Problem to solve
Leave out all images and set down the records exactly as given.

Pictures with short captions:
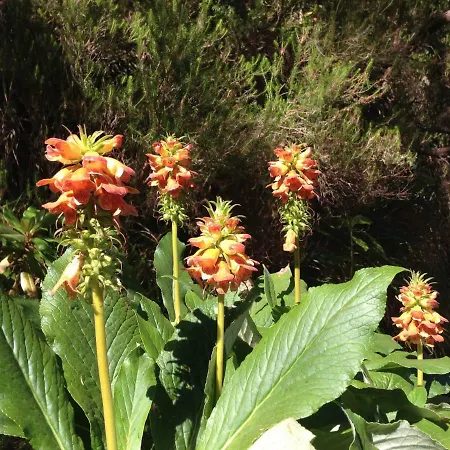 Blooming Botanic Estreito Da Calheta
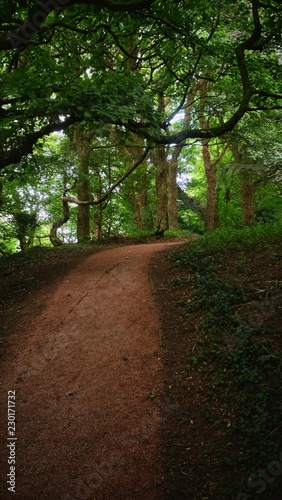 path in forest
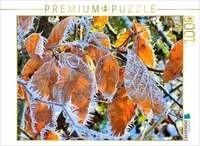 CALVENDO Puzzle Frostbl&auml;tter - Sch&ouml;nheit im Stillstand 1000 Teile Lege-Gr&ouml;&szlig;e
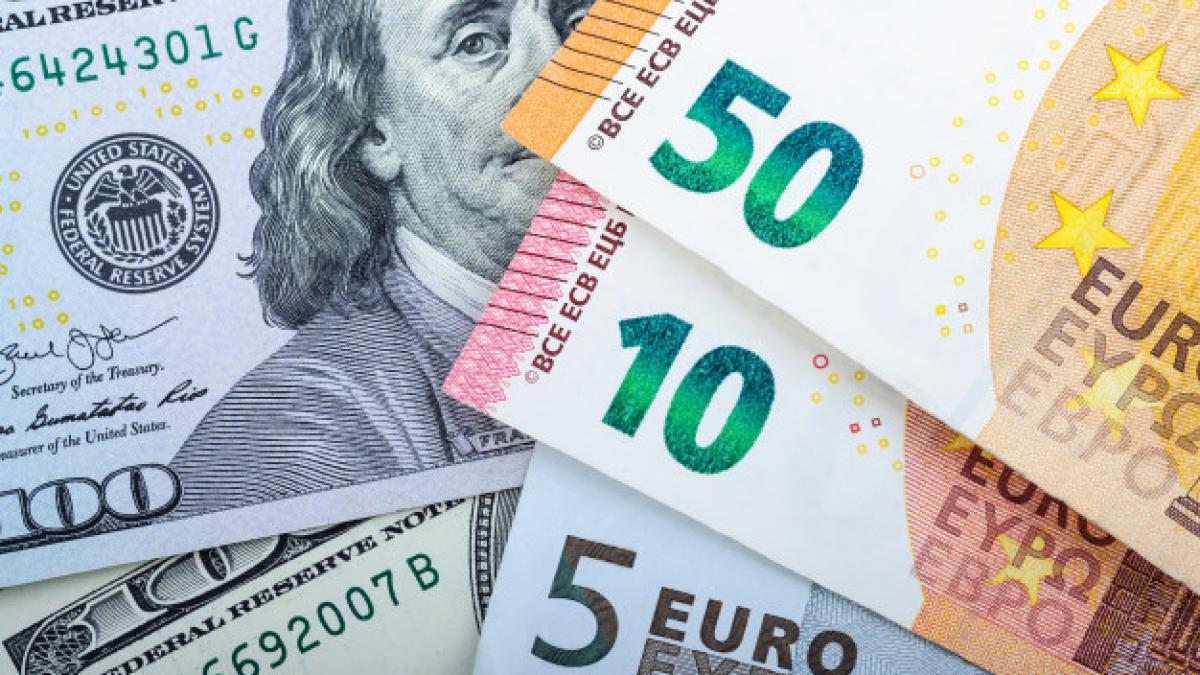 euro_bills_different_denominations_gray_76263_895_02063900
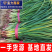 【精选】湖北精品蒜苗红根蒜苗红皮蒜苗，基地直供
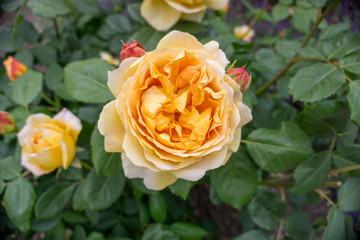 2019 exotic flowers yellow nature garden beatiful spring new zealand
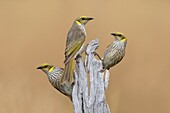 Yellow-plumed Honeyeater (Lichenostomus ornatus) group on snag, Victoria, Australia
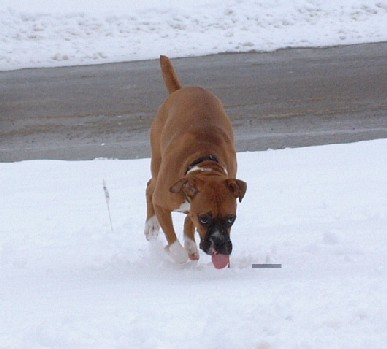 First snowfall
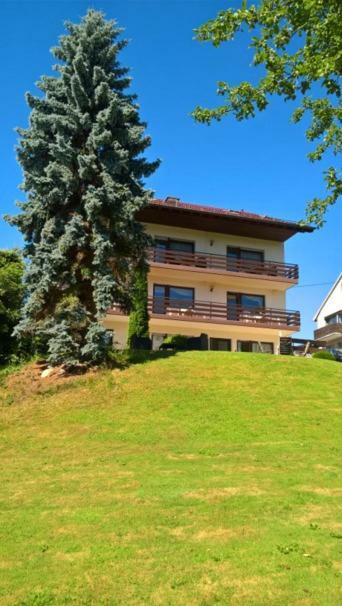 Pension Dabrunz Heimbach Esterno foto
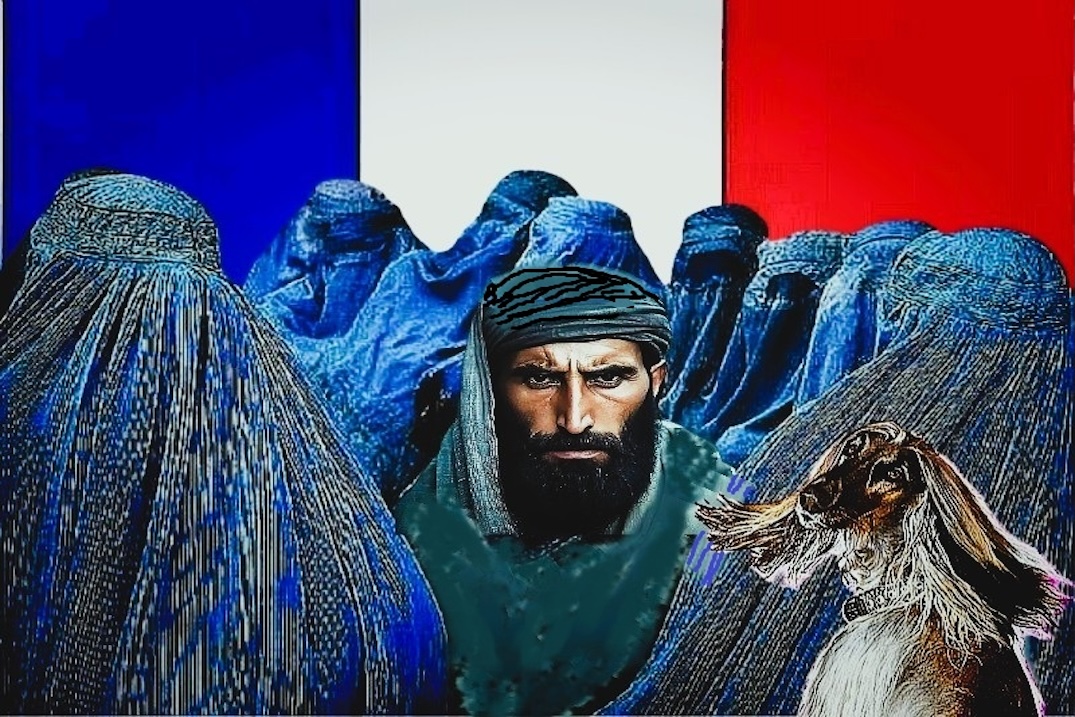 L’Insee avoue le Grand Remplacement, les municipales confirment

Written answer
 Blooming Botanic Estreito Da Calheta
 path in forest
 CALVENDO Puzzle Frostbl&auml;tter - Sch&ouml;nheit im Stillstand 1000 Teile Lege-Gr&ouml;&szlig;e
 euro_bills_different_denominations_gray_76263_895_02063900
 【精选】湖北精品蒜苗红根蒜苗红皮蒜苗，基地直供
 2019 exotic flowers yellow nature garden beatiful spring new zealand
 Yellow-plumed Honeyeater (Lichenostomus ornatus) group on snag, Victoria, Australia
 First snowfall
 Pension Dabrunz Heimbach Esterno foto
 L’Insee avoue le Grand Remplacement, les municipales confirment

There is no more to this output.